Transcribe the stretch of entries below from the line with "ЗАБРОШЕННАЯ ПТИЦЕФАБРИКА" through the line with "Exacompta 420005E Box 100 Unterordner, gelb", exactly and with both ends included; leave out all other lines.

======== Extracted data

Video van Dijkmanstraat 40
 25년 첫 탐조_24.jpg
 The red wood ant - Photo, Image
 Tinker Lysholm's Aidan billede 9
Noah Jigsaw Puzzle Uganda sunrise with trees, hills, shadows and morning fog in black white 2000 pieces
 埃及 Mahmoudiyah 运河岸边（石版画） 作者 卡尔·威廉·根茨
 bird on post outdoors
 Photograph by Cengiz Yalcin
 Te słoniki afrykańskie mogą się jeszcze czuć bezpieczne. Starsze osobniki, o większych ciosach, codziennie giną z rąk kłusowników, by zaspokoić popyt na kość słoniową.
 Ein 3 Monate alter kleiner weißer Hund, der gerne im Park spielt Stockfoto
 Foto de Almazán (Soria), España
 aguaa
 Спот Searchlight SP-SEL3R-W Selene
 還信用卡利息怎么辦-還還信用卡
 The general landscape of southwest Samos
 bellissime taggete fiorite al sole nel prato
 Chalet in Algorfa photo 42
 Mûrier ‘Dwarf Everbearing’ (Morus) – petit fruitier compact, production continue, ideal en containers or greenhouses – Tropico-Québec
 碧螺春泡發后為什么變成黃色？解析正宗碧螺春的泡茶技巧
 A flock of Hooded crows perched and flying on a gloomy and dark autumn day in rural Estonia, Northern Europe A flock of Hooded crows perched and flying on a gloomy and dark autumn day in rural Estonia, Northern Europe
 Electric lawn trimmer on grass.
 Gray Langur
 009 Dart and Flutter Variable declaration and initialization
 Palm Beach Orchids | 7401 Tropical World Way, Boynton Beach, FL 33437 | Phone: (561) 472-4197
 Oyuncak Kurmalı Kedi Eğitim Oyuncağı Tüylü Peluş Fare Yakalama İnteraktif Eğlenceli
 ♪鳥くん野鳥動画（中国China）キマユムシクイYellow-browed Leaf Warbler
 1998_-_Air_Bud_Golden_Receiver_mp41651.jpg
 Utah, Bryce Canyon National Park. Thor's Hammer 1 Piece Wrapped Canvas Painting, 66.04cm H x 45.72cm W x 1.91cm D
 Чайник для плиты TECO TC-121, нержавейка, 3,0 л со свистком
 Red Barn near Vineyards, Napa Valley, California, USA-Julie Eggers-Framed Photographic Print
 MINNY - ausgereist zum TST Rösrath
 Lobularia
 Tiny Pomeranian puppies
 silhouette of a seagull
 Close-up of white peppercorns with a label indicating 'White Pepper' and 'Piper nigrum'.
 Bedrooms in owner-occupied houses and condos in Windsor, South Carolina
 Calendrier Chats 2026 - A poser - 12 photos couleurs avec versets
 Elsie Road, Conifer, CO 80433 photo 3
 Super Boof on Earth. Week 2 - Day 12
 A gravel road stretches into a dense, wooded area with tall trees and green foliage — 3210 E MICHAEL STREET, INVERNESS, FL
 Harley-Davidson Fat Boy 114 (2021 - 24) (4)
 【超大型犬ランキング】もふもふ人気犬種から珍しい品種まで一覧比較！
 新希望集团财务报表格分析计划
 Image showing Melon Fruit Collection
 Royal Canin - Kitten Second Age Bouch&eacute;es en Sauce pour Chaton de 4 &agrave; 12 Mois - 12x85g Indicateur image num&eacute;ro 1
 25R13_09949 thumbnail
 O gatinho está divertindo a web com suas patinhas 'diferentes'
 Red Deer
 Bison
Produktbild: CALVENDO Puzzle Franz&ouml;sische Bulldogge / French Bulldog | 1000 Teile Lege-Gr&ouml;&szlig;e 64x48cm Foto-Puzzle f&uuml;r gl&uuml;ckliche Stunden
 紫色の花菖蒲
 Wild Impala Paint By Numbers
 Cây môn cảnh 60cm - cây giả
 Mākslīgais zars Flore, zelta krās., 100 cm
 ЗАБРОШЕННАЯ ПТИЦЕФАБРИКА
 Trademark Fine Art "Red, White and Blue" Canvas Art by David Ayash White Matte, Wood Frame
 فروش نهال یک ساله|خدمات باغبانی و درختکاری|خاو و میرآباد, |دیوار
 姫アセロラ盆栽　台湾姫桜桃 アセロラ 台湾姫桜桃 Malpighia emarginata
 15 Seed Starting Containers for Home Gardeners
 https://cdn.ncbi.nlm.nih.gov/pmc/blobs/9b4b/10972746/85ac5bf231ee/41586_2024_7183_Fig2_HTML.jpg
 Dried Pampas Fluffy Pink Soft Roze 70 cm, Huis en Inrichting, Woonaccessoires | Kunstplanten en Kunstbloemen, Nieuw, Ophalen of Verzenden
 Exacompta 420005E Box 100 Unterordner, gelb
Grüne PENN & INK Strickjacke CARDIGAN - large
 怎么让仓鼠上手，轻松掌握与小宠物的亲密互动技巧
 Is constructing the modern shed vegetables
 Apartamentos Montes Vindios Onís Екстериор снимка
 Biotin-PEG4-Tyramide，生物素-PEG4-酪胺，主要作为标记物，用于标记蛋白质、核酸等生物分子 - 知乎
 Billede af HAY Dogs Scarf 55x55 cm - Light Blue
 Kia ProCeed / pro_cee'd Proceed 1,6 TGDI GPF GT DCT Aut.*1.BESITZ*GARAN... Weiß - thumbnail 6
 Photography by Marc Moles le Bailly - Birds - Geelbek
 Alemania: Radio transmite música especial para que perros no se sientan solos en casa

================

Exercise answer »
 ЗАБРОШЕННАЯ ПТИЦЕФАБРИКА
 Trademark Fine Art "Red, White and Blue" Canvas Art by David Ayash White Matte, Wood Frame
 فروش نهال یک ساله|خدمات باغبانی و درختکاری|خاو و میرآباد, |دیوار
 姫アセロラ盆栽　台湾姫桜桃 アセロラ 台湾姫桜桃 Malpighia emarginata
 15 Seed Starting Containers for Home Gardeners
 https://cdn.ncbi.nlm.nih.gov/pmc/blobs/9b4b/10972746/85ac5bf231ee/41586_2024_7183_Fig2_HTML.jpg
 Dried Pampas Fluffy Pink Soft Roze 70 cm, Huis en Inrichting, Woonaccessoires | Kunstplanten en Kunstbloemen, Nieuw, Ophalen of Verzenden
 Exacompta 420005E Box 100 Unterordner, gelb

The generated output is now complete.